Ford Motor Co (NYSE:F): Ford Motor Company primarily develops, manufactures, distributes and services vehicles and parts worldwide. Ford and its subsidiaries are also engaged in financing vehicles. The company is expected to earn $1.70 per share next year. The company is expected to grow at 3.96% over the next 5 years. The stock is valued at $17.0 using DEM. The company has a GY2PE of 0.54. Ford is currently trading at $12.72, raising $1.6 or 14% this year.

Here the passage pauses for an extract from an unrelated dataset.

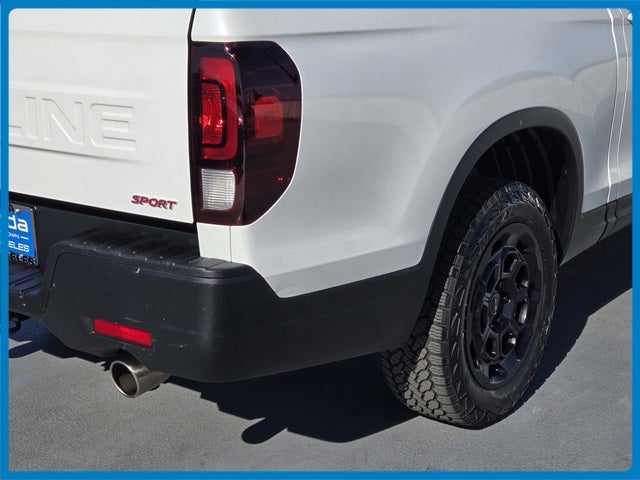 2025 Honda Ridgeline Sport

Johnson Controls Inc (NYSE:JCI): Johnson Controls, Inc. provides automotive interiors. Johnson Controls engages in building efficiency, automotive experience and power solutions businesses worldwide. Johnson Controls has a ROA of 6.1% and a ROE of 15.3%. Johnson Controls is trading with a ROIC of 11.3%. The company is expected to earn $3.37 per share next year. The company is expected to grow at 15.18% over the next 5 years. The stock is valued at $42.6 using DEM. The company has a GY2PE of 1.58. Johnson Controls is currently trading at $33.26, raising $1 or 3.2% this year.

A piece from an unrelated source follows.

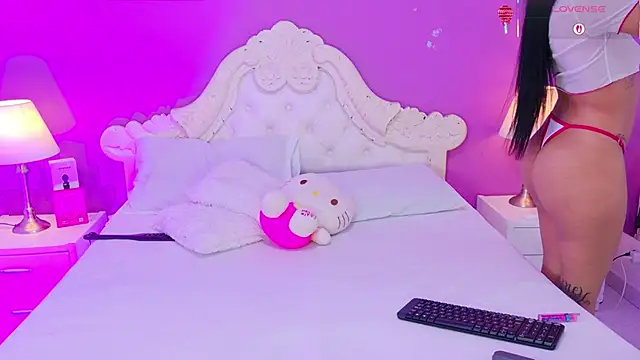 SamantaKane online show from February 14, 4:36 am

Block H & R Inc (NYSE:HRB): H&R Block, Inc. is a tax service provider. H&R Block has subsidiaries that provide tax, banking and business and consulting services. The company has a ROA of 6.6% and a ROE of 49.7%. HRB is trading with a ROIC of 8.4%. H&R Block is expected to earn $1.65 per share next year. The company is expected to grow at 10.64% over the next 5 years. The company is valued at $19.1 using DEM. The company has a GY2PE of 1.40. H&R Block is currently trading at $16.32, raising $0.08 or 0.49% this year.

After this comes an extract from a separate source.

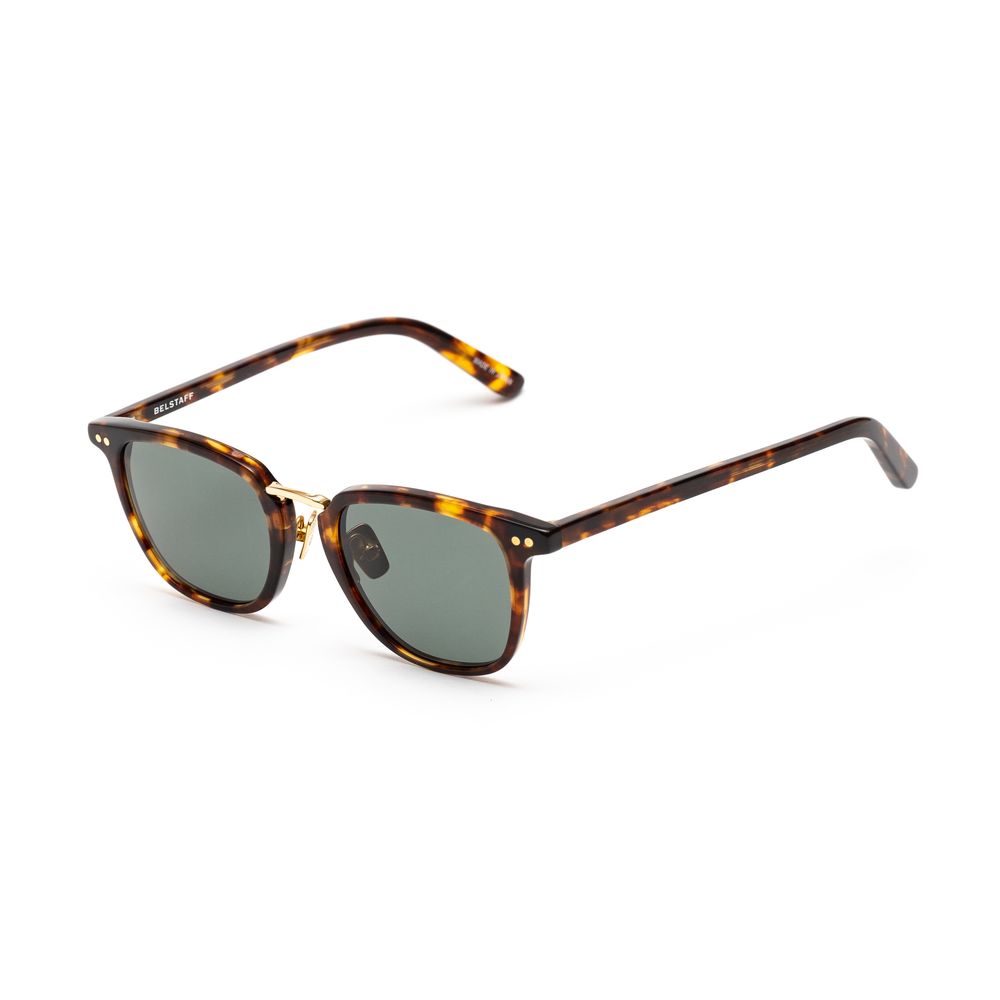 Belstaff brune acetat solbriller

Harman Intl Industries Inc (NYSE:HAR): Harman International Industries, Inc. is engaged in the developing, manufacturing and marketing of audio products and electronic systems. The company has developed a range of product offerings, which are sold under brand names AKG, Crown, JBL, Infinity, Harman/Kardon, Lexicon, dbx, BSS, Studer, Soundcraft, Mark Levinson, Becker and Selenium. The stock has a ROA of 8.8% and a ROE of 20.0%. The stock is trading with a ROIC of 14.2%. The company is expected to earn $3.84 per share next year. The company is expected to grow at 22.69% over the next 5 years. Harman is valued at $56.3 using DEM. The company has a GY2PE of 1.59. Harman is currently trading at $48.80, raising $10 or 26% this year.

Time Warner Inc (NYSE:TWX): Time Warner Inc. operates as a media and entertainment company in the United States and internationally. Time Warner operates in three segments: Networks, Filmed Entertainment and Publishing. The company has a ROA of 3.9% and a ROE of 7.8%. The company is trading with a ROIC of 5.3%. The company is expected to earn $3.65 per share next year. Time Warner is expected to grow at 10.38 % over the next 5 years. Time Warner is valued at $41.9 using DEM. The company has a GY2PE of 1.20. Time Warner is currently trading at $37.14, raising $0.81 or 2.2% this year.